The secret of James’ antipathy to Presbyterianism was his ambition to be regarded as the head of the church, an office to which Presbyterianism stands directly opposed. The King’s sentiments on this subject were revealed in two publications published around this time. The first of these, The True Law of Free Monarchies, is an unvarnished defense of arbitrary power, which contains his favorite maxim, “No Bishop, no King.” A second treatise, Basilicon Doron, argues that parity among ministers is irreconcilable with monarchy. With principles such as these, it is not difficult to see why the King and the Reformed Church were at variance.

James delighted in achieving his aims by policy rather than by violence. In a series of stealthy, wheedling, and disgraceful manoeuvres, which he dignified with the name of kingcraft, he succeeded in overcoming the Presbyterian polity. His first gambit was to request that the Assembly delegate some of their number with whom he might consult, respecting affairs in which the Church had an interest. The Assembly rashly complied, appointing fourteen ministers to act as commissioners for the Church. “This,” says James Melville, “was the very needle that drew in the Episcopal thread.” 56

The following year, the King took another step in his grand design. He prevailed upon Parliament to declare the Bishops to be the third estate of the kingdom, and to enact that such pastors as it pleased him to raise to the dignity of Bishops would have a right to vote in Parliament. The next step was to prevail on the church courts to allow their commissioners to enjoy this privilege. Whilst the commissioners seem not to have been unwilling to comply with the royal request, the more clear sighted in the Assembly saw through the stratagem and protested against it. They saw the intention was to introduce a prelatic order and subvert Presbyterianism, and to achieve this in a quiet and imperceptible way. At length, in March 1598, in an Assembly summoned to meet at Dundee, a bribed church court decided, by a majority of ten, that the ministry was the third estate of the realm and should have a vote in Parliament; two years later, Bishops were appointed to the vacant Sees of Ross, Aberdeen and Caithness. The triumph of James was not complete, however, as long as the General Assembly continued to manage the affairs of the church. It would require another decade of maneuvering before he gained the victory he so earnestly desired.

In March 1603, Queen Elizabeth I died, and James succeeded to the crown of England. The time had now come when he would no longer be thwarted in his ecclesiastical designs by the strictness and firmness of the Scottish ministers. The flattering servility of the English Bishops inflated his vanity to an extravagant degree, and made him more determined to subvert the Presbyterian Church and erect prelacy on its ruins.
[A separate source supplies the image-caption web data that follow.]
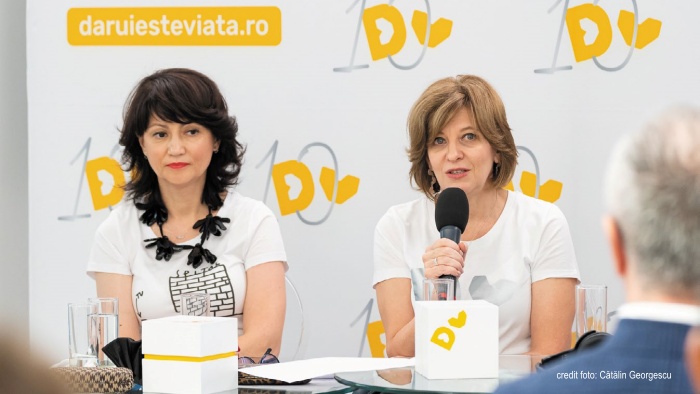 Oana Gheorghiu și Carmen Uscatu: Două femei, o misiune, un spital. Cum poate vindeca forța civică un sistem bolnav cronic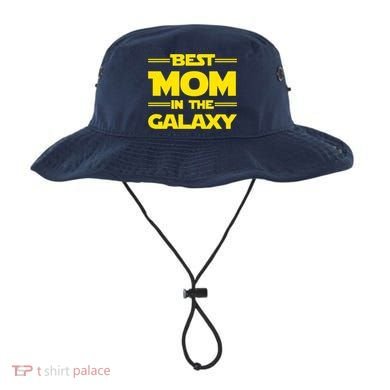 Best Mom In The Galaxy Bucket Hat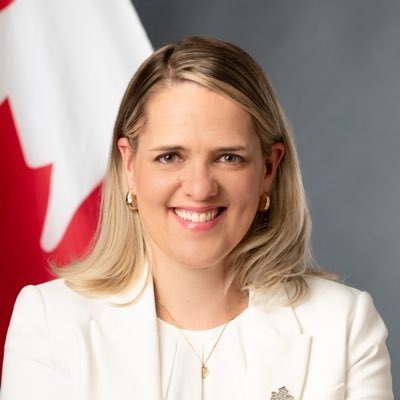 embajadora canadá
By 1606, church affairs had reached such a state that a Protestation was presented to the Scottish Parliament, meeting at Perth on July 1st, regarding the introduction of prelacy. John Colquhoun says of this Protestation, “it is as clear a piece of reasoning as is to be found in all the annals of the Church of Scotland.” 57 The author of the Protestation was Patrick Simson. The first two signatories were those of Andrew and James Melville. Among the other signators is Gillespie’s father, John Gillespie, Minister of the gospel at Kirkcaldy. In this Protestation, Simson expounds a doctrine his more eminent grandson would use so effectively in his Dispute Against the English Popish Ceremonies and at the Westminster Assembly. Listen to Simson expound the Regulative Principle, as he addresses the Scottish Parliament:

” . . . Remember that God hath set you to be nursing fathers of his kirk, craving at your hands that ye should maintain and advance by your authority the kirk which the Lord hath fashioned by the uncounterfeited work of his own new creation . . . . But not that he should presume to fashion and shape a new portraiture of a kirk, and a new form of divine service which God in his word hath not before allowed: because that were to extend your authority further than the calling ye have of God doth permit. As namely, if ye should (as God forbid) authorize the authority of Bishops and their pre-eminence above their brethren, ye should bring into the kirk of God the ordinance of man, and that which the experience of the preceding ages hath testified to have been the ground of great idleness, palpable ignorance, insufferable pride, pitiless tyranny, and shameless ambition, in the kirk of God, and finally have been the ground of that unchristian hierarchy which mounted upon the steps of pre-eminence of Bishops until that man of sin come forth, as the ripe fruits of man’s wisdom, whom God shall consume with the breath of his own mouth . . . .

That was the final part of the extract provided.